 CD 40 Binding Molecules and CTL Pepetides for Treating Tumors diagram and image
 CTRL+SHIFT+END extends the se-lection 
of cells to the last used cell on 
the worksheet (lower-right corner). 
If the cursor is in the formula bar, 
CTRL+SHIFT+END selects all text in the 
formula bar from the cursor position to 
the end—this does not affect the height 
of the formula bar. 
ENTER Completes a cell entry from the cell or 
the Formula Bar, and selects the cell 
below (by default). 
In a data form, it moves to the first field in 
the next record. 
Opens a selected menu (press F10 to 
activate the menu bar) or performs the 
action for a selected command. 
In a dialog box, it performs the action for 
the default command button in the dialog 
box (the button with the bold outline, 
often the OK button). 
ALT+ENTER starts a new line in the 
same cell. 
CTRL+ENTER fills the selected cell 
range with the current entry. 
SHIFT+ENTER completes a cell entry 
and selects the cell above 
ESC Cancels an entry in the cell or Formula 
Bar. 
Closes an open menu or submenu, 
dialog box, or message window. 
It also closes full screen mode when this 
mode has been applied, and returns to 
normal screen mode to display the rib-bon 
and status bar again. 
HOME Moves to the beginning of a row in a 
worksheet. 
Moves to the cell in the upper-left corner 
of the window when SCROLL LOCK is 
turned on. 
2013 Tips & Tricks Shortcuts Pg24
* * *
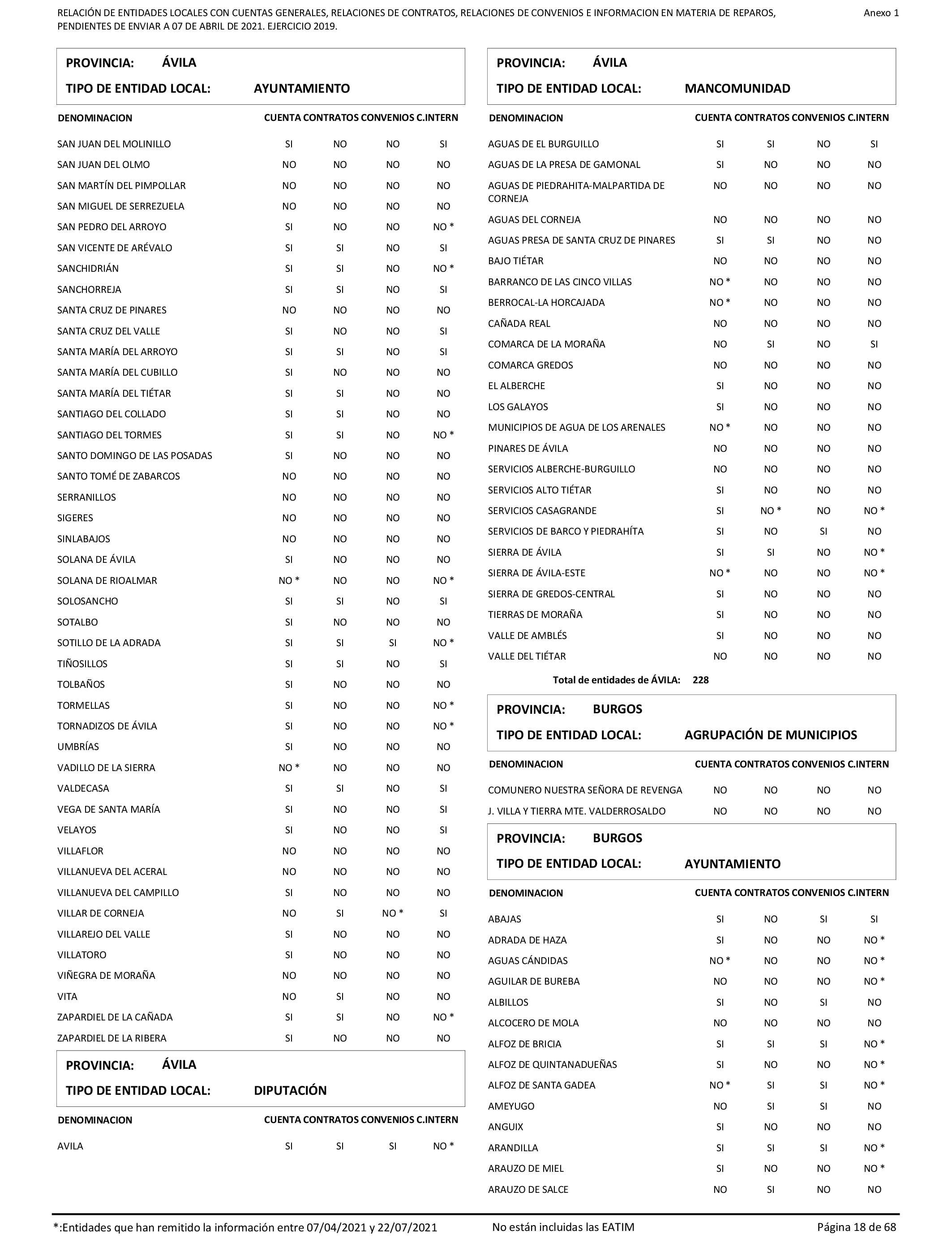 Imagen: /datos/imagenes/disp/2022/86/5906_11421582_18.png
---
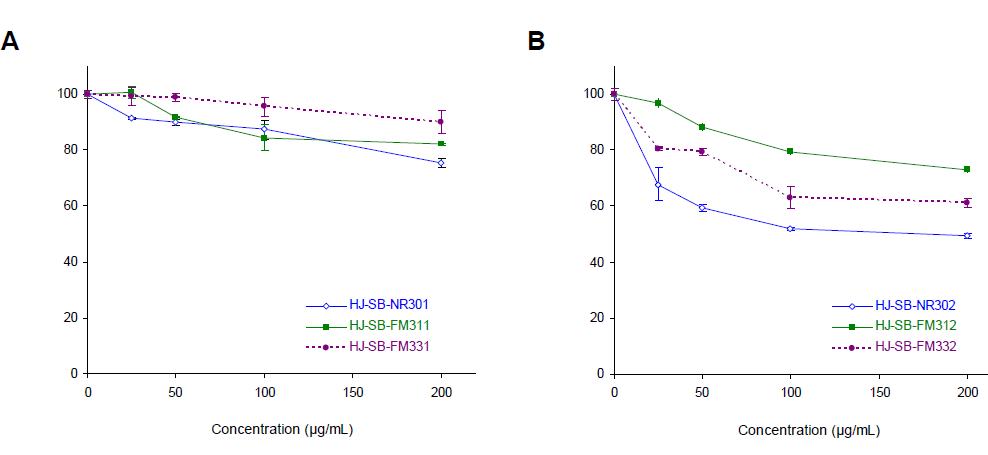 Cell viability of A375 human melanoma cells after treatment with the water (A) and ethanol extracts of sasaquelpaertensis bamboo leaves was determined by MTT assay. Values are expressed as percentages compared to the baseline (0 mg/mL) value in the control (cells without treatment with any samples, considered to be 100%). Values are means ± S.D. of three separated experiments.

● Activity: Using the listing above, return word for word each line from the one that has "CD 40 Binding" through the one that has "often the OK button).", and no line outside that range.

● Completed task:
 CD 40 Binding Molecules and CTL Pepetides for Treating Tumors diagram and image
 CTRL+SHIFT+END extends the se-lection 
of cells to the last used cell on 
the worksheet (lower-right corner). 
If the cursor is in the formula bar, 
CTRL+SHIFT+END selects all text in the 
formula bar from the cursor position to 
the end—this does not affect the height 
of the formula bar. 
ENTER Completes a cell entry from the cell or 
the Formula Bar, and selects the cell 
below (by default). 
In a data form, it moves to the first field in 
the next record. 
Opens a selected menu (press F10 to 
activate the menu bar) or performs the 
action for a selected command. 
In a dialog box, it performs the action for 
the default command button in the dialog 
box (the button with the bold outline, 
often the OK button). 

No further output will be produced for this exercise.